In his comment at the event, a maritime lawyer, Emeka Akabogu said that Nigeria loses $4 billion because of a lack of inland waterway transport.
“There are three legs to shipping, fleet expansion, ship repairs, and shipbuilding and the country is losing $9bn annually to non-participation in international freight services,” he said.
In addition, Akabogu noted that the fishing sub-sector of the maritime industry contributes N282bn annually to the economy.
“Nigeria’s coastal resources have an estimated capacity of $504tn.

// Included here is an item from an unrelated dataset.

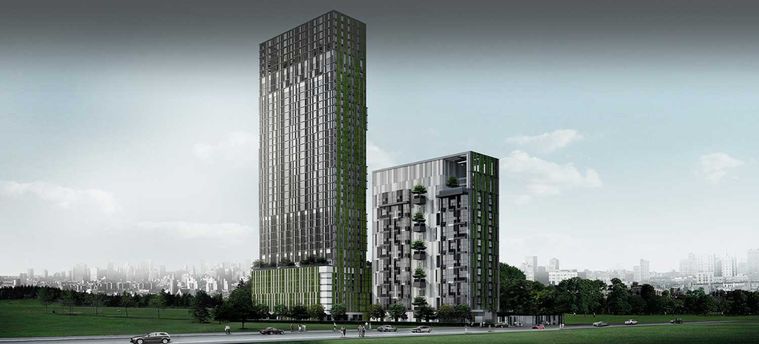 แอชตัน มอร์ฟ 38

Current realized capacity is $106tn in export and import on frozen fish is $876m,” he stated.
According to Akabugo, NIMASA’s Former Director General Dr.Bashir Jamoh has stated that Nigeria is losing about $25 billion a year on illegal maritime activities, and the Nigerian National Petroleum Corporation Limited loses around $1.35 billion in oil bunkering.
He underlined that Nigeria currently has 4419 registered ships with a total tonnage of 5.8 billion.
“The summary of the valid registered vessels is 2,136 with a 4.2 billion gross tonnage, invalid registered ships are 61, cabotage registered vessels are 1033, with a gross tonnage of 1.9 million. The foreign-owned vessels are 18 with a gross tonnage of 125 million,” he added.
Meanwhile, the Flag Officer Commanding Western Naval Command, Nigerian Navy, Rear Admiral Mustapha Hassan stated that several requirements had to be met by NIMASA for the implementation of the Cabotage Act, which was not in effect since its adoption.
He emphasised the need for inter-agency cooperation under the cabotage scheme to deal with issues related to the boarding and inspection of ships, in particular through an automatic identification system.
A former DG of NIMASA, Temisan Omatseye stated that the Agency was set up with a primary mission of supporting, protecting, and enabling indigenous ship owners to raise their vessels.
However, he noted that the CVFF Fund would not be made available to NIMASA’s existing leadership.
Omatseye noted that the financial regulations go against banking and finance institutions’ regulations.
“By the CVFF, NIMASA is doing the risk assessment but the disbursing does not allow an outsider to do the risk assessment, as it negates the law that binds the funding,” he remarked.